The primary reason is how vulnerable this darkly colored interior is to a myriad of maintenance factors that can seriously mar its appearance.
A secondary factor that makes a dark finish less than ideal relates to the marketability of your home should you sell in the future.
Going dark in a new pool or remodel
To begin, let’s consider a basic question: Why would someone want a black-bottom pool in the first place?
Driving the attraction to such an intense color choice is about the unique appearance it creates. Certainly, a deep-colored finish can imbue a certain level of sophistication and visual drama to the poolscape.
In particular, a black, dark blue, or deep grey interior is aesthetically well-suited for a tropical, lagoon-style pool.
Another reason is that some people find the look of dark water more inviting than the shimmering appearance of water in a white plaster pool.
But in the real world, this high-concept design color benefit may not be worth the possible pitfalls. Let’s look at the plethora of reasons why a black-bottom pool can be something of a treacherous option.
Exposing a spectrum of flaws
You may know that wearing dark colors may help you look thinner and more attractive.

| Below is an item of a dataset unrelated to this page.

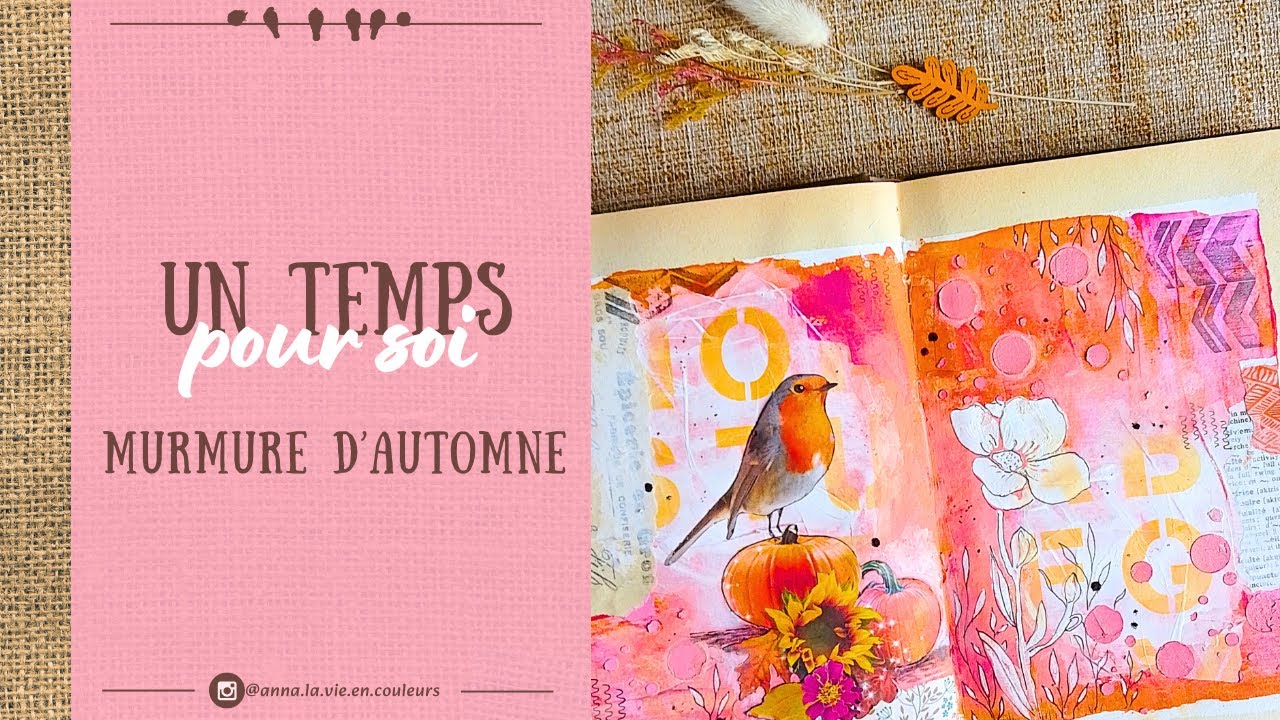 ART JOURNAL PAGE - L'automne en mixed media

But on a pool, dark colors broadcast blemishes—amplifying every flaw in the pool’s surface coating.
And flaws happen. Swimming pool plaster problems are common; the surface in every pool ever built will have them at some point. Over time, plaster submerged in water in any pool is susceptible to a variety of nearly inevitable imperfections.
Imperfections come with the territory. To begin, you have the inherent nature of the material, which contains soluble mineral constituents.

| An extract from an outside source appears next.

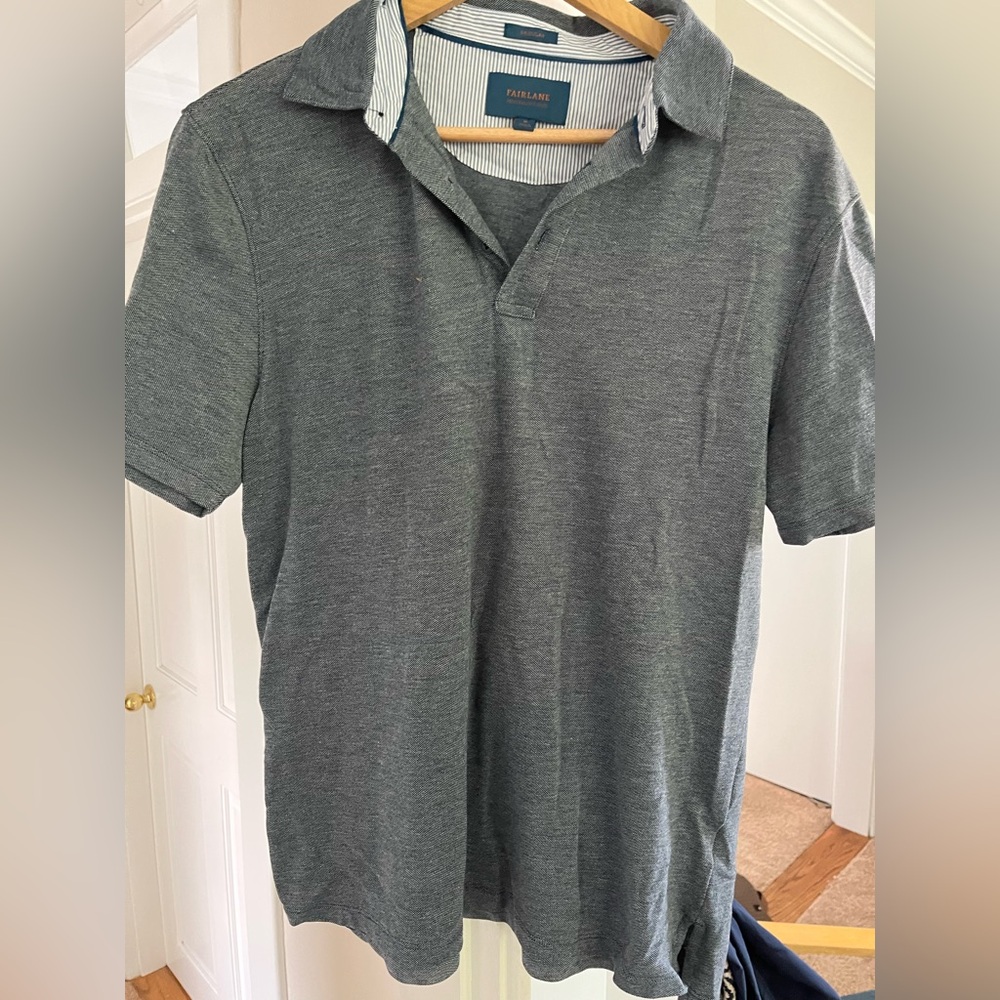Gray Polo Shirt Casual Style Cotton Blend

Then pool plaster is continuously subjected to the dynamic influence of pool water and chemical and mineral elements.
The relationship between plaster and water is surprisingly complex. It has been the subject of decades of study and heated debate within the pool industry.
Issues that impact the appearance of the finish run the gamut. They include the exact ratio of raw materials used in the plaster mix, application techniques, weather conditions during application, curing times, and the manner in which the water was chemically treated when the pool was first filled during the start-up process.
All of these variables can and almost always will contribute to small imperfections and various forms of deterioration.
On a light-colored pool surface, many of these flaws and wear-and-tear developments are not particularly noticeable unless they are more severe or eventually become more pronounced.
However, like an automobile with dark paint, even minor issues are dramatically more visible in a black-bottom pool. Here is an overview of the kinds you could face.
When plaster is immersed in water, a variety of chemical processes occur that can wreak havoc. Among the most common is the build-up of mineral scale.
Most people are familiar with whitish calcium deposits that form on kitchen and bathroom surfaces. In a black-bottom pool, these deposits can form on—pardon the pun—a massive “scale.”
When they do, look out! Those invading deposits become annoyingly visible.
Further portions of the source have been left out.